Por James Cifuentes Maldonado
Que los escenarios no estarían a
tiempo, que la inseguridad de Rio de Janeiro no daría tregua; que la
inestabilidad política, por los escándalos de corrupción de los últimos
gobiernos, lanzaría a la gente a las calles para sabotear el evento; que muchos
atletas le sacarían el cuerpo a Rio 2016 por el riesgo del zika o
simplemente porque los juegos se hicieran en Suramérica; que la amenaza
terrorista de los radicales, de los jihadistas; en fin, recientemente no
recuerdo unos juegos olímpicos más tensos que los que hemos visto inaugurar el
pasado viernes en Brasil.
Pero la anarquía y el fantasma del
terrorismo ya no son exclusivos del subdesarrollo, emergen hasta en los países
más poderosos y más organizados; para la muestra los flemáticos ingleses que se
polarizaron y rompieron la unidad europea con el triunfo del brexit, o los
españoles que con dos elecciones no han podido armar la coalición de gobierno.
En Estados Unidos las cosas están a
punto de quedar patas arriba con una carrera presidencial que está demostrando
que las maquinarias ya no son lo que eran, que los partidos están perdiendo su
ascendencia y que los fenómenos mediáticos como el protagonizado por Donald
Trump son una terrible opción de poder, impulsados por la inconformidad de unas
minorías cansadas y unidas por la inmediatez y la capilaridad de las redes
sociales, montados en una peligrosa ola de nacionalismo.
Inglaterra, Francia, Bélgica y los
mismos gringos, están pagando el precio de su colonialismo, están sufriendo la
pésima decisión de repartirse el Medio Oriente hace 70 años, disponiendo los
límites de un puñado de naciones sin miramiento alguno del desarraigo cultural
que estaban generando y las nefastas consecuencias que hoy estamos presenciando
con la paranoia de ISIS que ha puesto en jaque a los europeos y a toda la
humanidad, con fanáticos y desadaptados parapetados en todos los rincones del
mundo, como soldados ad honorem de una nueva y terrible forma de
guerra, desde las trincheras de internet, dispuestos a sacrificar su vida por
un minuto de exposición y de “reconocimiento” en televisión.

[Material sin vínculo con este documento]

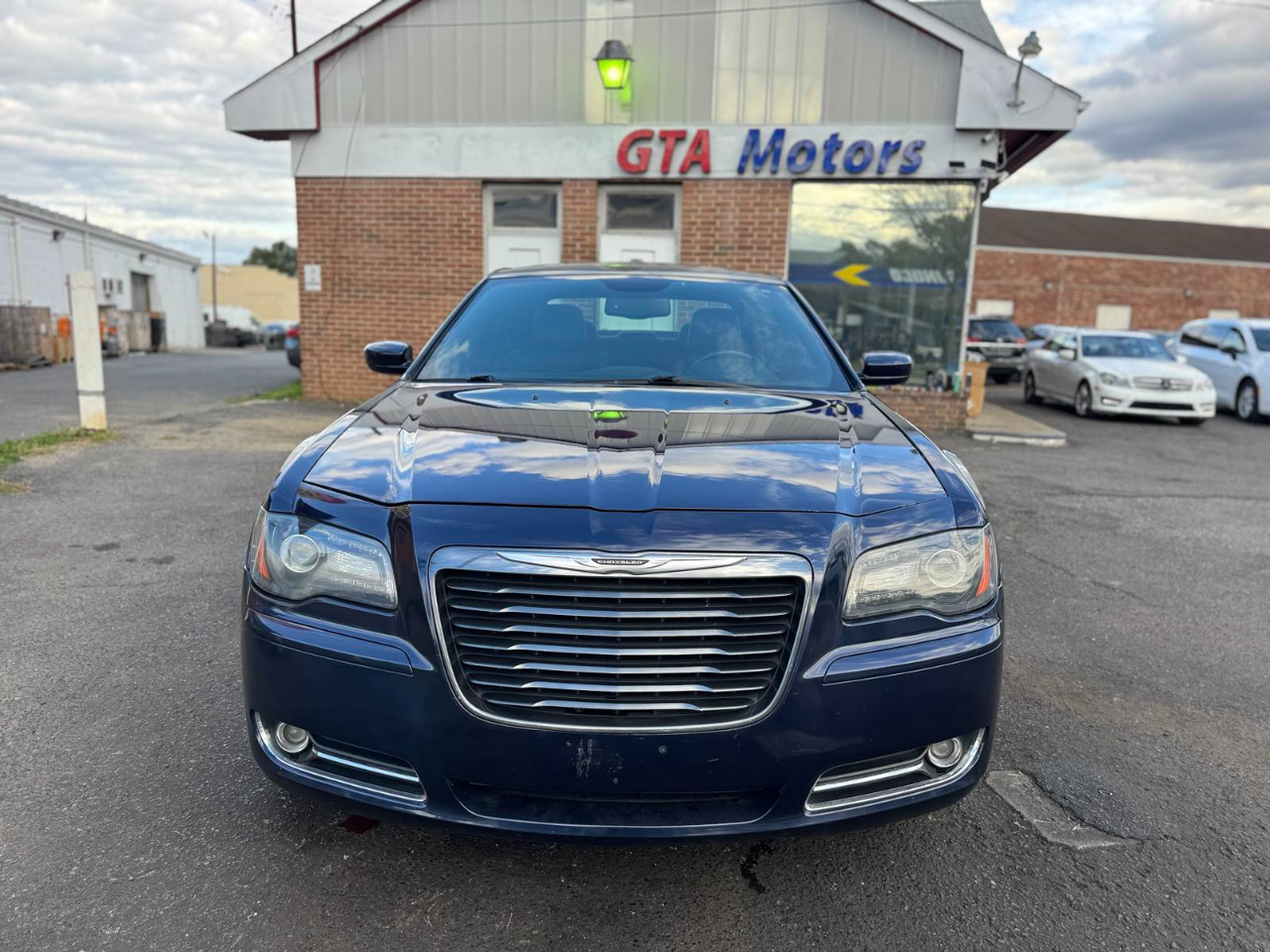 Chrysler 300 4dr Sdn 300S AWD 2014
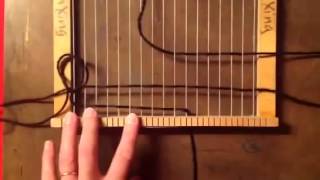 How to start weaving on a loom using a basic tabby weave for 5th grade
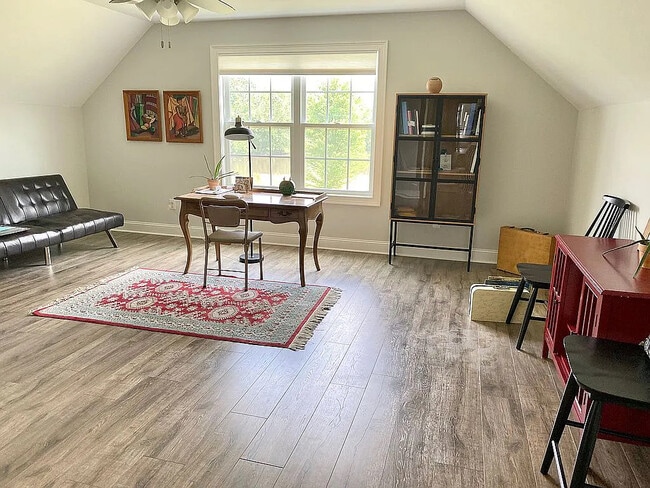 Building Photo - 248 Bluegrass Dr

El problema entonces no es Río, no es
Brasil, no es Suramérica, el problema somos todos, musulmanes, cristianos y
políticos, que no respetamos la autodeterminación y la diversidad de los
pueblos y queremos evangelizar a la fuerza y meter nuestras narices en todas
partes, para sacar provecho en el nombre de dios.
Con todo y el nerviosismo, la apertura
de los juegos de Rio 2016 fue formidable, un espectáculo lleno de creatividad y
simbolismo, ambientado en la fiesta y la alegría latinoamericana, recordándole
al mundo la importancia del espíritu deportivo pero además haciendo conciencia
sobre el valor de la vida que hoy despreciamos y del planeta que estamos
asesinando.
Nunca vi un fuego olímpico tan
emocionante como el que hoy arde en el Maracaná, tan brillante como el oro del
pesista colombiano Oscar Figueroa que, en buena hora, nos ayudó a pasar el
trago amargo de la caída del ciclista Sergio Luis Henao.